> YOUR ASSIGNMENT: Tally the lines of the listing that contain the word "para", then give the total and nothing else.

> RECORD EXCERPTS:
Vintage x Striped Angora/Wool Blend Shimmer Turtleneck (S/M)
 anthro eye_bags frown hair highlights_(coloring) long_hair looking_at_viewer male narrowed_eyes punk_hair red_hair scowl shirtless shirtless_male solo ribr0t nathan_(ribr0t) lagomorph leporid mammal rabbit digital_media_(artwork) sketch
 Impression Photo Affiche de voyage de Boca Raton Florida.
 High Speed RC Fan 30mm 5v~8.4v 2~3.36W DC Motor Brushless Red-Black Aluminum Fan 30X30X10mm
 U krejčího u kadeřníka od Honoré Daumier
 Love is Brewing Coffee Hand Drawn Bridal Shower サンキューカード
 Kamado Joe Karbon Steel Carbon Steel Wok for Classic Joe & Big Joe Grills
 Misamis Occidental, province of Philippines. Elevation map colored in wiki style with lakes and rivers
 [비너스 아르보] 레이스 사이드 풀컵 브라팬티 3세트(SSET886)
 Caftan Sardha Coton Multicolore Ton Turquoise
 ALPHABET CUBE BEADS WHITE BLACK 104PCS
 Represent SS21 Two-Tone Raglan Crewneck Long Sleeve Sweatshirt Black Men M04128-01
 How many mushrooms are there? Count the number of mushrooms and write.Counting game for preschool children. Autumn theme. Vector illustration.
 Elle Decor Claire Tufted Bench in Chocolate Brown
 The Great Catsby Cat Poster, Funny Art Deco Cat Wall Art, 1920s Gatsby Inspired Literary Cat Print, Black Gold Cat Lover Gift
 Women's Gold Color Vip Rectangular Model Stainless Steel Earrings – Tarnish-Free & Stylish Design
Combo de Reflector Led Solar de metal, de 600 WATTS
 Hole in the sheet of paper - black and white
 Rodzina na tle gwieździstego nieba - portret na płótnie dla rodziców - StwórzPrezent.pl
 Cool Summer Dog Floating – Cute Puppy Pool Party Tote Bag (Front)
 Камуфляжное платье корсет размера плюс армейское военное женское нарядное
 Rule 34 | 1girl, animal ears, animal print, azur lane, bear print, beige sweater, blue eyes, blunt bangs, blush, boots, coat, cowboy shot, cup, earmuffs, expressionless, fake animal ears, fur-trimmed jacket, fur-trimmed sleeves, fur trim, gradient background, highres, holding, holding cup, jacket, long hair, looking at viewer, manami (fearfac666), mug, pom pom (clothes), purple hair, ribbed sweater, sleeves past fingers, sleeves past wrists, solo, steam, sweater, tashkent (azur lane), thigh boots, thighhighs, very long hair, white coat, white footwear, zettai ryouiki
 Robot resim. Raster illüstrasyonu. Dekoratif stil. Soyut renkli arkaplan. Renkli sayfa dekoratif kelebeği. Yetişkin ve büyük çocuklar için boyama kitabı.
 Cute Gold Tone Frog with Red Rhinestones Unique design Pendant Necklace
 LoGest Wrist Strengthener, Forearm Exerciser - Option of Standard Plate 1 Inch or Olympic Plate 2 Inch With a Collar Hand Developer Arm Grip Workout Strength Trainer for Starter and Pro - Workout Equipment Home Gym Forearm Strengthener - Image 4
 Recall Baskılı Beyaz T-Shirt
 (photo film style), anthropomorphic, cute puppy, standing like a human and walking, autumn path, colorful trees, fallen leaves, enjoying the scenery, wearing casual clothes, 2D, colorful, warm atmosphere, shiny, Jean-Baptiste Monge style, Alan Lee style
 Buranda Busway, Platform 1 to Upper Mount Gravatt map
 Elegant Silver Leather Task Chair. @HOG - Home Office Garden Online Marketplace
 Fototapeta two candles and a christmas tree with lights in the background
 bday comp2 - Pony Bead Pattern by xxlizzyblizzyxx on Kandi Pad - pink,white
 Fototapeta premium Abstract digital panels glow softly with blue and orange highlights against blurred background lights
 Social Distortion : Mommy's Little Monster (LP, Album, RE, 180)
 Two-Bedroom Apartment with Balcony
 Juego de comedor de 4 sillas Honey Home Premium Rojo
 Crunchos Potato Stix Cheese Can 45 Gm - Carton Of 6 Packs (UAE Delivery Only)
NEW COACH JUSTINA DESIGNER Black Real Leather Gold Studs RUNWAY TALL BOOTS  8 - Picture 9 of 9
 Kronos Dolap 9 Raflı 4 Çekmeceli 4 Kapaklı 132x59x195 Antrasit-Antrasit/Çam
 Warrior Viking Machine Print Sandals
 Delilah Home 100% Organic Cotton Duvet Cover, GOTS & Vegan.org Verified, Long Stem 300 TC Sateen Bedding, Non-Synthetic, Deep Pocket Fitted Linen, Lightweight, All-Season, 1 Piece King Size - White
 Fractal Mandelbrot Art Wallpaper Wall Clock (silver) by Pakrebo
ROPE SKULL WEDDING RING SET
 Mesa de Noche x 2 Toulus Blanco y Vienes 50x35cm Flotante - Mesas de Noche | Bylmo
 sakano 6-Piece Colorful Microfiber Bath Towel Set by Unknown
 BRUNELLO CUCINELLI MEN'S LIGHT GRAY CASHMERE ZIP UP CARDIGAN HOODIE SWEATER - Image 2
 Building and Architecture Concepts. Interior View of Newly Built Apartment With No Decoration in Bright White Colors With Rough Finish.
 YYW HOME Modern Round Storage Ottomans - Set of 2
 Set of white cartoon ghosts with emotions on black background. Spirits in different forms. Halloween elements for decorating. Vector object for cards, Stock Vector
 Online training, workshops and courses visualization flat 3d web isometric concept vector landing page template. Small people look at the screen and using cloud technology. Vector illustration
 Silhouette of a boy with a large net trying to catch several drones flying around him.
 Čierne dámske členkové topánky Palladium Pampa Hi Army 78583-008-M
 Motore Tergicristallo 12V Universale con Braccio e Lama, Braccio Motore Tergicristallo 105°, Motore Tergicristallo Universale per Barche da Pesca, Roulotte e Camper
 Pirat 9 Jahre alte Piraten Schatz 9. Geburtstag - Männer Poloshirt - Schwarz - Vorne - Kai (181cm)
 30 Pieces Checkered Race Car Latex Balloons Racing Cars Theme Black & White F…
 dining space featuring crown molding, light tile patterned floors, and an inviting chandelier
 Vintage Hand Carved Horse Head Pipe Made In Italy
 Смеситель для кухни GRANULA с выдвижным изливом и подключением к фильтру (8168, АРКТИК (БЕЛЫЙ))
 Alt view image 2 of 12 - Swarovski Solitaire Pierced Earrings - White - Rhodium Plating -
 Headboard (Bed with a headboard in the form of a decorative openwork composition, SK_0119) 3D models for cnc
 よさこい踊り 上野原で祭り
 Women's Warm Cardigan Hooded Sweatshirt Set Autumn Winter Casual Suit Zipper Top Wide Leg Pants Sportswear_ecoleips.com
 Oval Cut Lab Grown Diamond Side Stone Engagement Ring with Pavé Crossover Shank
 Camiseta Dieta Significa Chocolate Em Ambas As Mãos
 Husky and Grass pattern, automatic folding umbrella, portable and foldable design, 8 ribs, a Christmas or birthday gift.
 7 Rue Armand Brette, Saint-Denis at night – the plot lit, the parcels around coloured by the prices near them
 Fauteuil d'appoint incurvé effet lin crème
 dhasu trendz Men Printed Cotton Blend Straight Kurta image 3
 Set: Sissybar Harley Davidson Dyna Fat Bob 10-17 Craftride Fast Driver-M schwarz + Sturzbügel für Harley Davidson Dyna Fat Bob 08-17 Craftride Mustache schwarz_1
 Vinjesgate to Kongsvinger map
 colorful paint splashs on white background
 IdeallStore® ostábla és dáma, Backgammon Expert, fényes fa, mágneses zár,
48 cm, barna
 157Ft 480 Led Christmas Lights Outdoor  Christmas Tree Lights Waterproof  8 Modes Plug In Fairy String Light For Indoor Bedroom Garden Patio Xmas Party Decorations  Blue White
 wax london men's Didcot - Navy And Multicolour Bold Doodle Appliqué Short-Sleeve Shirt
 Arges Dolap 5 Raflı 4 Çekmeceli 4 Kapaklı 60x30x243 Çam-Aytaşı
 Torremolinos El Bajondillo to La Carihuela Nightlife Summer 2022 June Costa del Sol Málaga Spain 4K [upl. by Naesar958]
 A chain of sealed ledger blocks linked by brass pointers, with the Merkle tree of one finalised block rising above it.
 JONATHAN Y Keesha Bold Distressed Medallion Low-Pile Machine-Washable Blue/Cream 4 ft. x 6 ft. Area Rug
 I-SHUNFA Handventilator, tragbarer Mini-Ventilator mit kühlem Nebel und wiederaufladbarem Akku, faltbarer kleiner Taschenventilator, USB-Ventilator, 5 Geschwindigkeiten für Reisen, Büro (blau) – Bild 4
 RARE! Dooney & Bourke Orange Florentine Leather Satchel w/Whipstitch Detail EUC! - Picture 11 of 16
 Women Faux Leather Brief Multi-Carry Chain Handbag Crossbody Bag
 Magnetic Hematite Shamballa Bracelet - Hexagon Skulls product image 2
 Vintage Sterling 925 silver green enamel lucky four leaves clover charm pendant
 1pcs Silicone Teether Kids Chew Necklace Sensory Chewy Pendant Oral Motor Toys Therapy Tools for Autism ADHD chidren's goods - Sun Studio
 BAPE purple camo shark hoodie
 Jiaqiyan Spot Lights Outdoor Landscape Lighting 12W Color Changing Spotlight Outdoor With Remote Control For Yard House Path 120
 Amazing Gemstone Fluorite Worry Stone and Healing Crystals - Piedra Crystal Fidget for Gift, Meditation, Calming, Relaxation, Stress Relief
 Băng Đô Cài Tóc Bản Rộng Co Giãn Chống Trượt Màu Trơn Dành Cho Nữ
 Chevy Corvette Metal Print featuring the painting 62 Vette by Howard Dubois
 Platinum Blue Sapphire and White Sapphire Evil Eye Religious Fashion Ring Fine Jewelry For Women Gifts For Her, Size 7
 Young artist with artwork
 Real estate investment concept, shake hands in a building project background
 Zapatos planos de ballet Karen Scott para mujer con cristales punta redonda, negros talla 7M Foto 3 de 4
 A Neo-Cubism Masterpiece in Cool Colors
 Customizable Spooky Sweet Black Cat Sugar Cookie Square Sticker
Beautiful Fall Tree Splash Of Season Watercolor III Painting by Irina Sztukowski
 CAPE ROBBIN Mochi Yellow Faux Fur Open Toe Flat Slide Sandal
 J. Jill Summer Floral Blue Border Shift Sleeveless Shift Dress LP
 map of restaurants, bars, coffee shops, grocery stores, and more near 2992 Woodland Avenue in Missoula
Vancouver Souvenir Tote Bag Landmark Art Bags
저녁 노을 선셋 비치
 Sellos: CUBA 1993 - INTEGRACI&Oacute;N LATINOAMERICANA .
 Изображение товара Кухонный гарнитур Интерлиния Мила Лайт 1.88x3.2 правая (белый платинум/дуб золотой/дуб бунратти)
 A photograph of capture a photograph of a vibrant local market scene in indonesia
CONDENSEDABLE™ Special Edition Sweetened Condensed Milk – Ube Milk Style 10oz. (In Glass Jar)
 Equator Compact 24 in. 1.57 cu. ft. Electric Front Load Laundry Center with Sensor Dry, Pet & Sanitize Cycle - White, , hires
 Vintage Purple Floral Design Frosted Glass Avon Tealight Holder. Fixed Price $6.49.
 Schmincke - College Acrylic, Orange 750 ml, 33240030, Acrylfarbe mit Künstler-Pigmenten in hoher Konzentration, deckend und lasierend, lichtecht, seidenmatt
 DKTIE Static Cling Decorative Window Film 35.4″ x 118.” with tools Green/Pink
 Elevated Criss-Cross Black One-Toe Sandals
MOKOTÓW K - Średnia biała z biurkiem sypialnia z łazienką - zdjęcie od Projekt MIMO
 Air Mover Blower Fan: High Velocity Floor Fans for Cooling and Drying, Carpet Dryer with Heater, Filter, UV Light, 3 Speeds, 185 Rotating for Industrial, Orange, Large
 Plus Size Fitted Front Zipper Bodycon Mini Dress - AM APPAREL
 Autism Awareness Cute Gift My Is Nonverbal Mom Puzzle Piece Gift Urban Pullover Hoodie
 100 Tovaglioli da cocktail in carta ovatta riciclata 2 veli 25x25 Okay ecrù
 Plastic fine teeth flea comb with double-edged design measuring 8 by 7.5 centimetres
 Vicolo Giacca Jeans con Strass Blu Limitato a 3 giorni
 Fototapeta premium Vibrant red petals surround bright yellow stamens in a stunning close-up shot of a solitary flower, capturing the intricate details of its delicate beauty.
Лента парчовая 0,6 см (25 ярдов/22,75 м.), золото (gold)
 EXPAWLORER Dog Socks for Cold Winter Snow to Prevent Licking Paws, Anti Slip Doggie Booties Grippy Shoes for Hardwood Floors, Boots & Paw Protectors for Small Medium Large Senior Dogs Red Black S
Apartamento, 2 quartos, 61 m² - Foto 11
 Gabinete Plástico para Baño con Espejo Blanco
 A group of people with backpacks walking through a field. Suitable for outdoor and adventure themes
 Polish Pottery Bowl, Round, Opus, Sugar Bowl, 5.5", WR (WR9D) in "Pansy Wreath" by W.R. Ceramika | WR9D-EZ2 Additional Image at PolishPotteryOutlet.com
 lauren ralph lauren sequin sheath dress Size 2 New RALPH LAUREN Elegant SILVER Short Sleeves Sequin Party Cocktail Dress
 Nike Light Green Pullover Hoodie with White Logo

> RESPONSE TO THE EXERCISE: 2